What you have to do —
What you give must be the lines from the one containing "Vintage chest of drawers" through the last line of the listing below, exactly, with nothing else and no pictures.

*** Data segment Section Begins ***

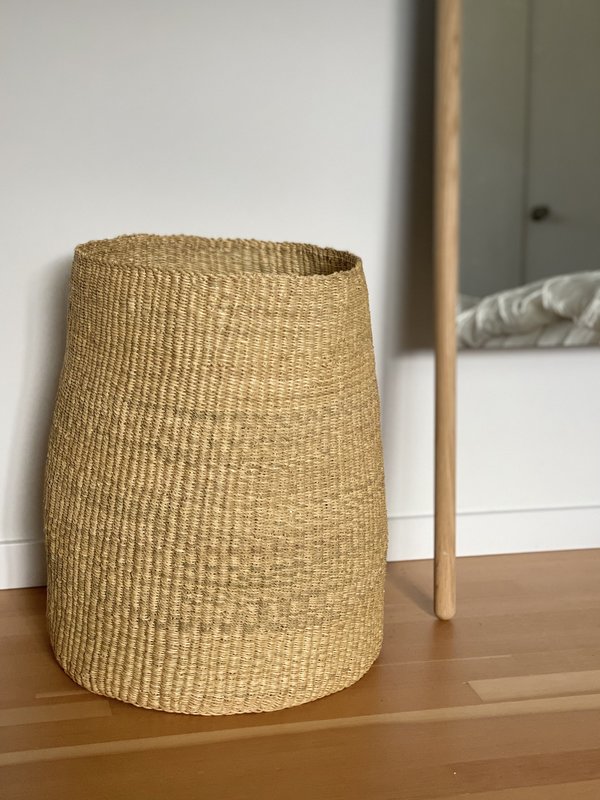 TWENTY ONE TONNES Textured basket - olive TWENTY ONE TONNES Textured basket - olive
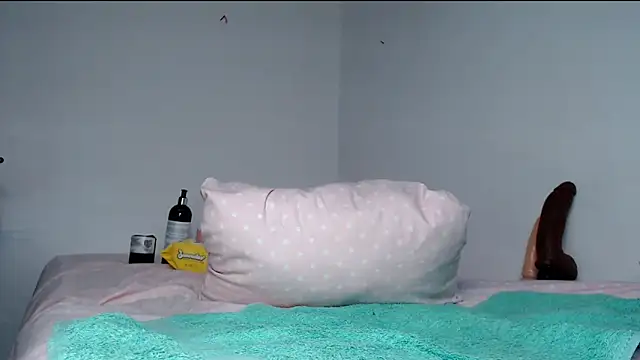 karolgirl-1 online show from 04-21-26, 10:10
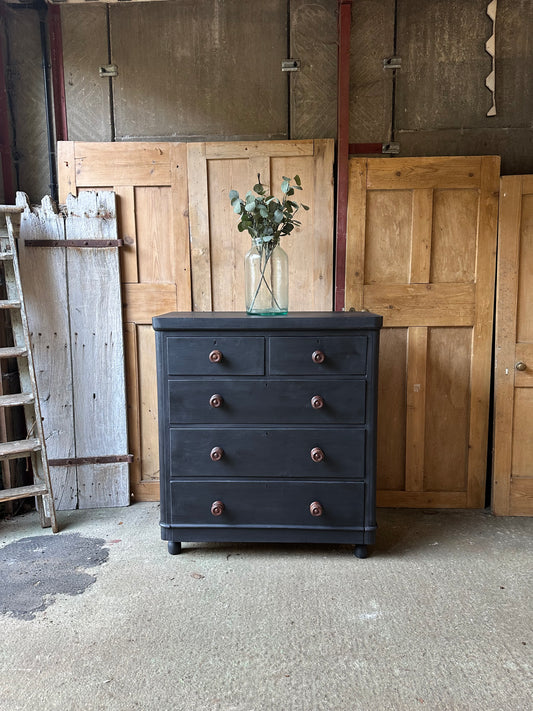 Vintage chest of drawers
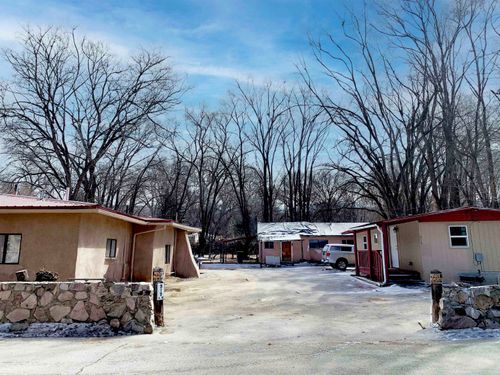 313AB 315 317 Montoya Street, Taos, NM, 87571 | Card Image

*** Data segment Section Ends ***

Result below —
 Vintage chest of drawers
 313AB 315 317 Montoya Street, Taos, NM, 87571 | Card Image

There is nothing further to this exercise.